Grain prices had plunged and farmers tried to stay afloat by growing more wheat.
Then came the drought and wind.
A series of dust storms that hit the Great Plains over the next decade gave the era the nickname The Dirty Thirties. The worst of the storms fell on April 14, 1935, Palm Sunday, known as Black Sunday.
The survivors — now in their 80s and 90s — talk about dust so thick and fine it would find its way inside houses, despite wet sheets and towels hung around closed doors and windows.
Dust so intense it would collect on rafters in attics, causing roofs to collapse.
Dust that drifted like snow, filling ditches, covering farm implements and threatening the very lives of those who breathed it in.
Lucian Doll remembers being 14 and living on his family farm six miles north of Ellinwood when the storm hit.
He was in a field working with a team of horses.
"I had four horses pulling a harrow and I can see the horizon was black," said Doll, now 89 and living in Wichita. "When I get to the end of the row, I turned around to face it. It must have been a half mile from me — just a boiling wall of dirt coming at me."
He unhooked the horses and ran the animals a quarter mile back to the barn.
"By the time I put the horses in the stable and stepped out of the barn, I could not see the house 50 yards a way."

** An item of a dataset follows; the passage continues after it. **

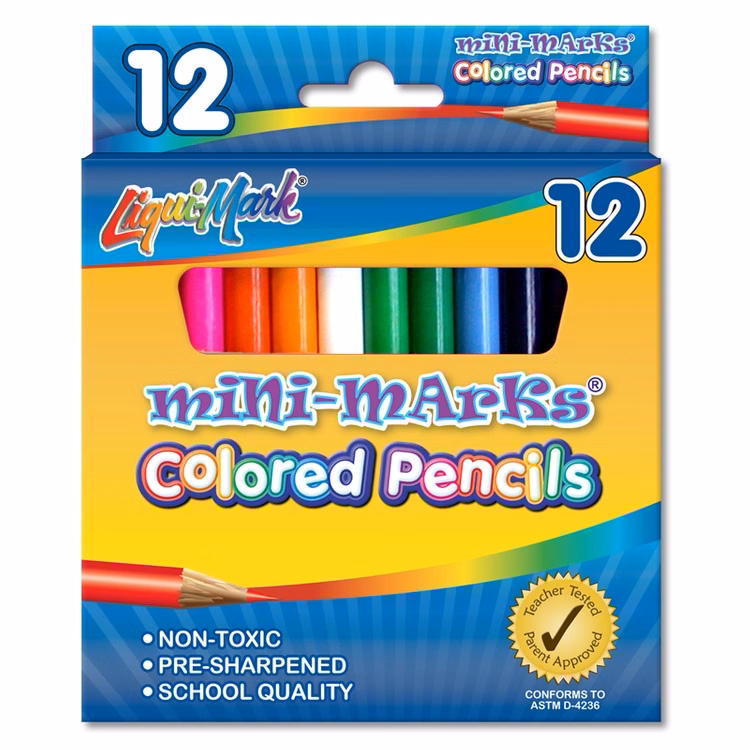 Set of Mini Colored Pencils 3.5" Pre-Sharpened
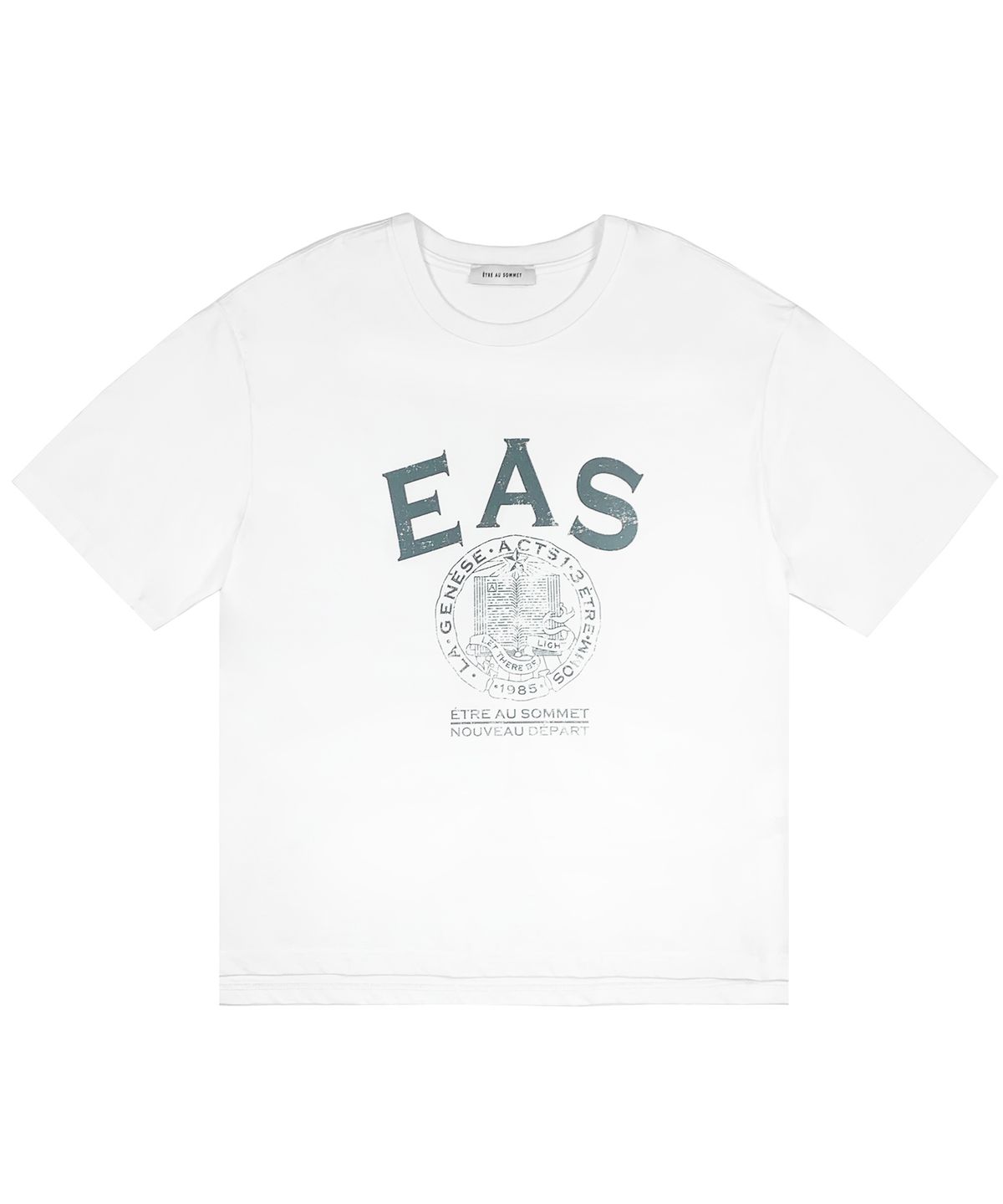 에트오소메(ETRE AU SOMMET) EAS  로고 하프 티셔츠 (화이트/남녀공용)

The swirling clouds of red dust — topsoil from thousands of farms from Oklahoma, Texas, eastern Colorado and western Kansas blocked the sun, stalled vehicles and uprooted rural Americans by the thousands.
But Doll especially remembers the aftermath, when he walked his family's stubble fields and saw all the wild animals that had died in the storm and dead cattle standing upright, surrounded by the drifts of sand and dirt, their lungs filled with dirt.
"I thought the world was coming to an end. It was that terrible," he said.
The dust storms of the 1930's rank nationally among the most significant events of the 20th century, according to the National Weather Service.
Iconic books and songs would be written, such as John Steinbeck's "Grapes of Wrath" and Woody Guthrie's "Dust Pneumonia Blues."